This is the first post where I will share recipes that I use in my cooking. As I mentioned in a previous post, I am keeping it fairly low carb with carbs around my workouts, and I am generally keeping it paleo (though my theory on paleo might differ from others, which I’ll save for a later blog).
This recipe for chili is great. It is easy to prep, tastes good, and can be portioned out to eat as a quick snack or meal throughout the week. It’s filled with things that are good for you:
- Grass fed beef is loaded with protein, healthy fats, and Vitamin E
- A healthy amount of garlic and onions contains oodles of antioxidants
- Jalapenos and dried chiles are loaded with vitamins, capsaicin (which helps fight inflammation), boost immunity, help control fat, and basically everything else good in the world
- Tomatoes, which improve heart health and bone health
- Homemade bone broth, which helps your joints and comes packed with vitamins and minerals
- Mushrooms, which improve your immune system while lowering estrogen
- Lastly, the bacon and beef give you some cholesterol, which is actually good for you and is highly anabolic
It is spicy, but not too spicy. It is a good way to hide vegetables or things you might not otherwise want to eat. Case in point; the mushrooms are perfect for someone like me, who doesn’t like the texture of mushrooms, but wants to get them in somehow. You will want to pick a mushroom with a meaty flavor, so it enhances the flavor of the dish.

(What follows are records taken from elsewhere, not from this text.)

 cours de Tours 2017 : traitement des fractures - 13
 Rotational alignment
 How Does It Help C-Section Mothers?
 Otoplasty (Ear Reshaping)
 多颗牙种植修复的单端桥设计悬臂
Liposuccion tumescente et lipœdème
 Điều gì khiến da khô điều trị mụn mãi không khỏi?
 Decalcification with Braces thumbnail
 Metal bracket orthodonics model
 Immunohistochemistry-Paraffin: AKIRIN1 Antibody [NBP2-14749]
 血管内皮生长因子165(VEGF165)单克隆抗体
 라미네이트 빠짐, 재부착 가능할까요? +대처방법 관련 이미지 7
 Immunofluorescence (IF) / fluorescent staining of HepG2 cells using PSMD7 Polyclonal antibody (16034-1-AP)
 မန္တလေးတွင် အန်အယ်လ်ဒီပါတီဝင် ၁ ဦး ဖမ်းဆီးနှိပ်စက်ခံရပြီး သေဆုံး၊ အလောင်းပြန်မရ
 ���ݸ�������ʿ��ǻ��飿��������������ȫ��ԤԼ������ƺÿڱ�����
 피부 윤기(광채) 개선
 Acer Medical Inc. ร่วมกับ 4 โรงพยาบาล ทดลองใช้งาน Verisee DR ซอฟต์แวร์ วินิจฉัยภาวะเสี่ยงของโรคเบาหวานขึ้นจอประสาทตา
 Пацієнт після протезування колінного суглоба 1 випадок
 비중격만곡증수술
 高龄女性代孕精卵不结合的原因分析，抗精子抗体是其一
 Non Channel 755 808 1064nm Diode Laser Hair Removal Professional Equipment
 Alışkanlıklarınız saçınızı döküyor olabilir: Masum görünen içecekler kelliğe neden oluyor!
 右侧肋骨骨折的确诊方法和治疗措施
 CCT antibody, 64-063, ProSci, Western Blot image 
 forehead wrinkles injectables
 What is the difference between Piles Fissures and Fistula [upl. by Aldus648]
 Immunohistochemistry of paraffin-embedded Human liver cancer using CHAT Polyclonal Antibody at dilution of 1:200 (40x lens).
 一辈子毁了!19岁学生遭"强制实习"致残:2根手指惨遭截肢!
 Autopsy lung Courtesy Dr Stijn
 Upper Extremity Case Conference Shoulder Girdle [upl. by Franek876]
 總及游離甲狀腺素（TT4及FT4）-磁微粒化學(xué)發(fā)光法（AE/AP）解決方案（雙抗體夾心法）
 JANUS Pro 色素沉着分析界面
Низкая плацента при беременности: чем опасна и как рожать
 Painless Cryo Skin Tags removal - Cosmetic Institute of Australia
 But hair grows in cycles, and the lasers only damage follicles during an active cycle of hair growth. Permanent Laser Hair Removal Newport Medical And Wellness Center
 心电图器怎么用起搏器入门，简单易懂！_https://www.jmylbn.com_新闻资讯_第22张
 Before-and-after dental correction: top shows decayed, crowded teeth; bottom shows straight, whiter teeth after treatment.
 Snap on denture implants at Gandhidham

It is easy to modify: add offal if you’d like, or use a different kind of meat, or adjust the amount of chili powder you want to use. This is a dish that is prime for experimentation.
It is great on top of a starchy carb or on its own.
- 1 tblspoon olive oil
- 1 large chopped onion
- 6 garlic cloves, crushed
- 3 jalapenos, seeds removed and diced
- 16 oz diced tomatoes
- 2# grass fed ground beef
- 4 oz mushrooms
- 4 oz uncured bacon, cubed
- 2 cups homemade chicken broth
- 2 tblspoons chili powder
- 1 tblspoon ancho chili powder
- 1 tsp chipolte powder
- sea salt, to taste
- freshly ground black pepper, to taste
- Rinse and dry mushrooms and then chop them finely in a food processor. Set aside.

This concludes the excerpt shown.